'Well, today I'm going to tell you the last story of the Ring Empire. This is set long after the time of Mozark and Endoliyn. It's sort of a sad time, because the Ring Empire was starting to decay. Some of the inhabitants blamed the machines for this, because they were now so smart that they took care of people from the moment they were born until they died. This machine-pampered generation had nothing to do except live their lives chasing personal pleasure and satisfaction. They had become decadent, and not a little bit cruel. Now this generation, the final generation, had enormous resources at their disposal; their machines could dismantle the very planets and reshape their atoms to build whatever these people wanted. With that kind of ability you'd think they'd be totally content. But no. Even the number of planets is finite. They began to argue with each other about how many resources any one person should have and how these resources should be divided and supervised. At first it was just arguments. Then it grew into theft and hoarding. Eventually, fighting began and grew into what was known as the Decadence War. The individual kingdoms that had been so closely knit turned against each other. Battle machines were constructed, the most terrifying things ever built, equipped with weapons that could tear a planet to pieces and even extinguish stars. These battle machines fought each other over the division of entire solar systems. And it took an enormous amount of resources just to build them. That meant that any solar systems that the battle machines conquered were soon turned into more battle machines. The last generation was deprived of the one thing they had launched the war for. Without the resources they craved they soon dwindled into extinction amid the conflict. The battle machines continued fighting for thousands of years, wreaking havoc among the stars, until they had finished eliminating each other along with entire races.

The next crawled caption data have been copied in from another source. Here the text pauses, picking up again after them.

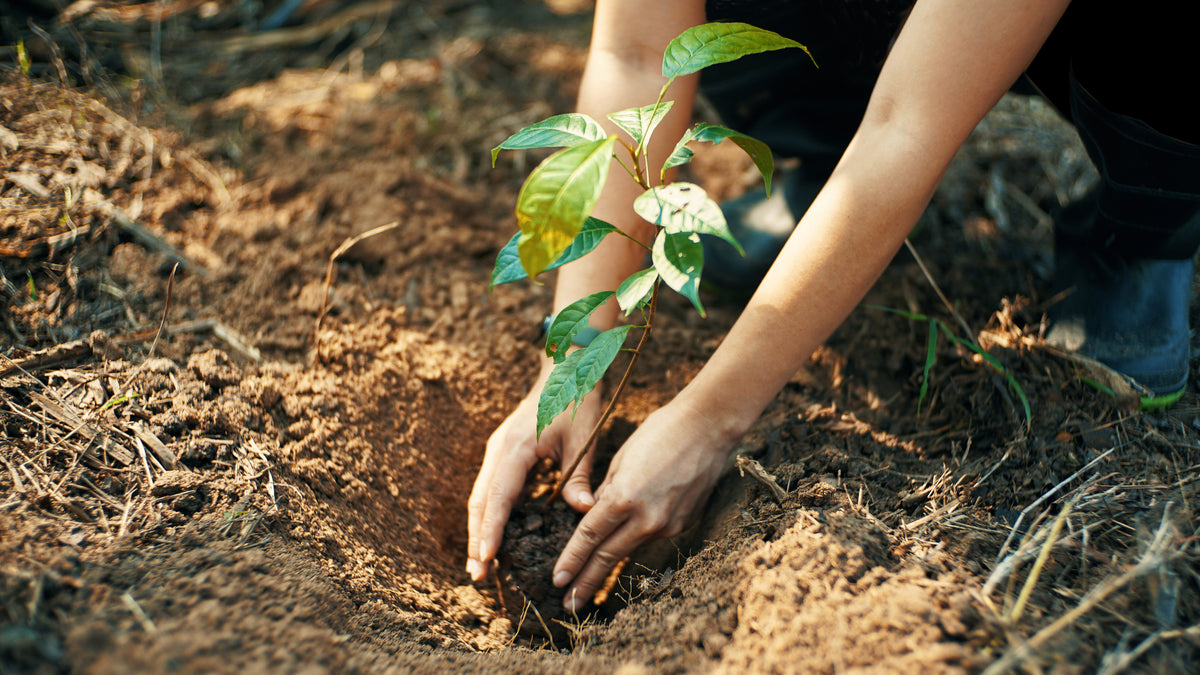 Personne plante un arbre et place le jeune plant dans la terre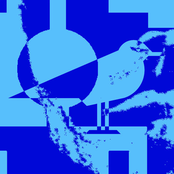 Seagulls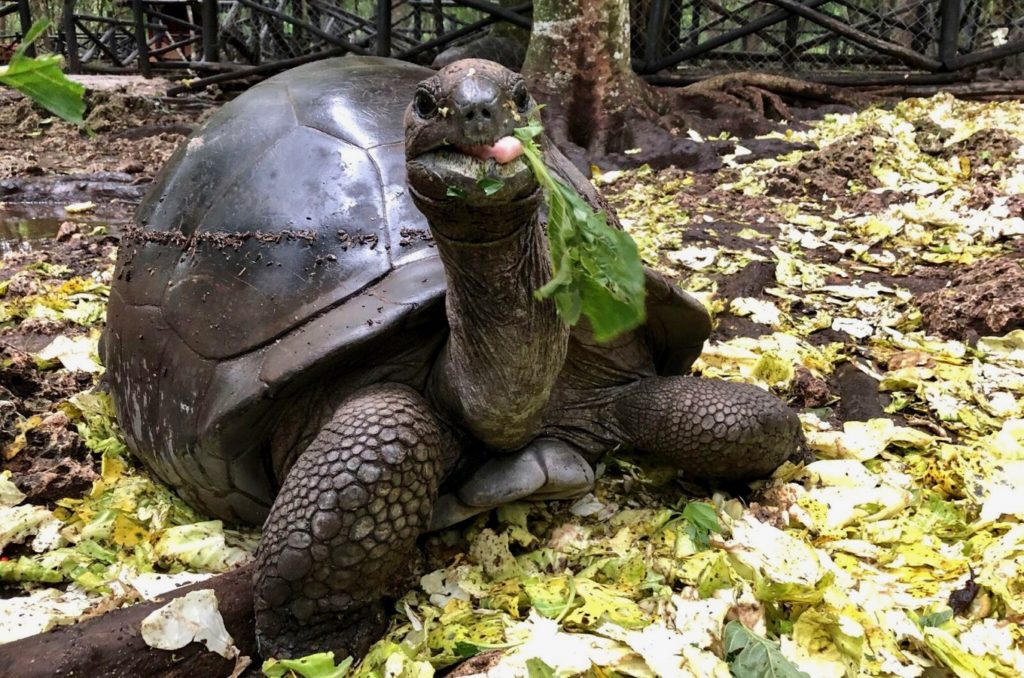 Giant tortoise on Zanzibar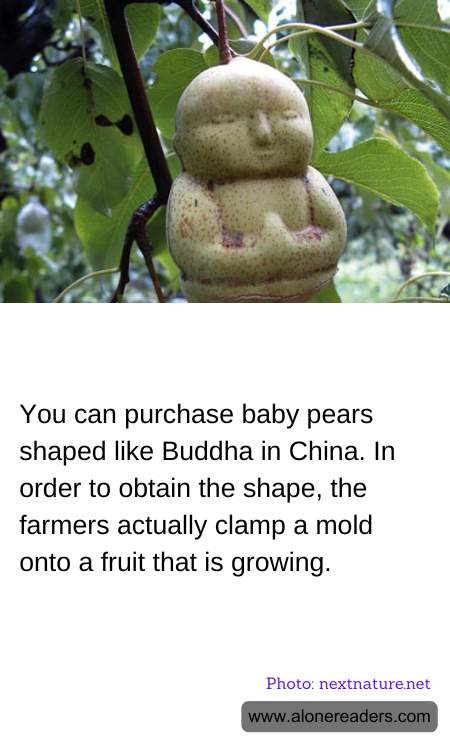 You can purchase baby pears shaped like Buddha in China. In order to obtain the shape, the farmers actually clamp a mold onto a fruit that is growing.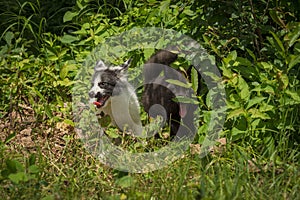 Silver Fox and Marble Fox Vulpes vulpes Looks Out From Weeds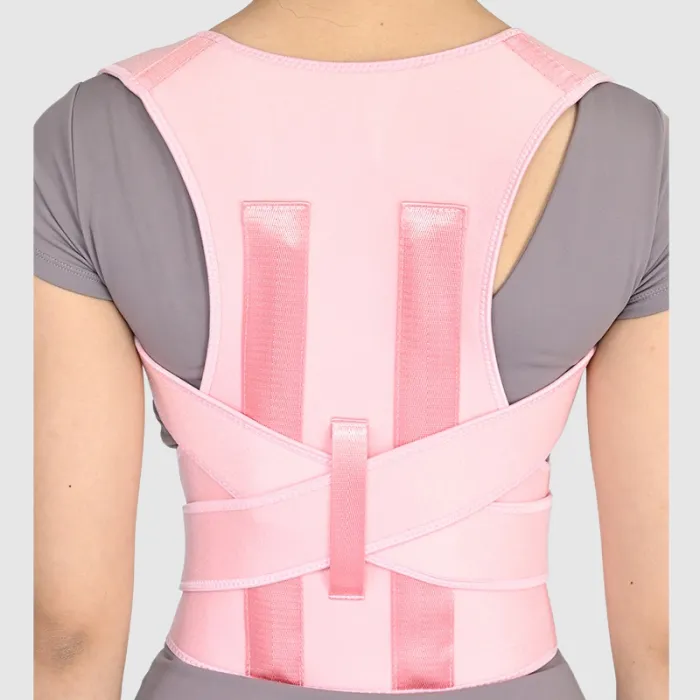 دعامة دعم الظهر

'But the decadents and their battle machines weren't the only reason the Ring Empire fell—although they must take most of the blame. They represented only the physical aspect of its decline. Many societies had followed the Wilfrien, slowly regressing, even rejecting their technological society, seeking a more primitive existence in search of peace, withdrawing their participation and support from the Ring Empire. Then there were others, like the Outbounds and the Last Church, who had actually been quite successful in reaching their goals. They had attracted the most dynamic people, the brightest, the restless who relished challenge; all of these had found their cause and given themselves to it. In doing so, over the millennia, they had drained the Ring Empire of vitality, the very people who could have regenerated it 'Among the factions and wars was one group who had predicted the fall. The Eternals, who were more academics than anything else, had studied civilizations from across the Ring Empire. They found one thing that remained constant among all biological species: the cycles of growth and decay. It might take only a century. It might take a million years. But life always follows that pattern. As the Decadence War raged and the Ring Empire fell apart around them they decided to save themselves. Many groups were desperately trying to do the same thing, with colonies and secret enclaves to keep their original ideals alive so that one day they could expand again, rekindling their former glory. In some instances entire kingdoms isolated themselves behind fortified borders so that they wouldn't be contaminated with the decay infecting their neighbors. All of them were attempting to resist that which the Eternals were convinced was inevitable. By doing so they would surely be doomed to failure, the Eternals thought. And they were right, for today there is no Ring Empire, only whispers and legends of the glory that was. But the Eternals are still here.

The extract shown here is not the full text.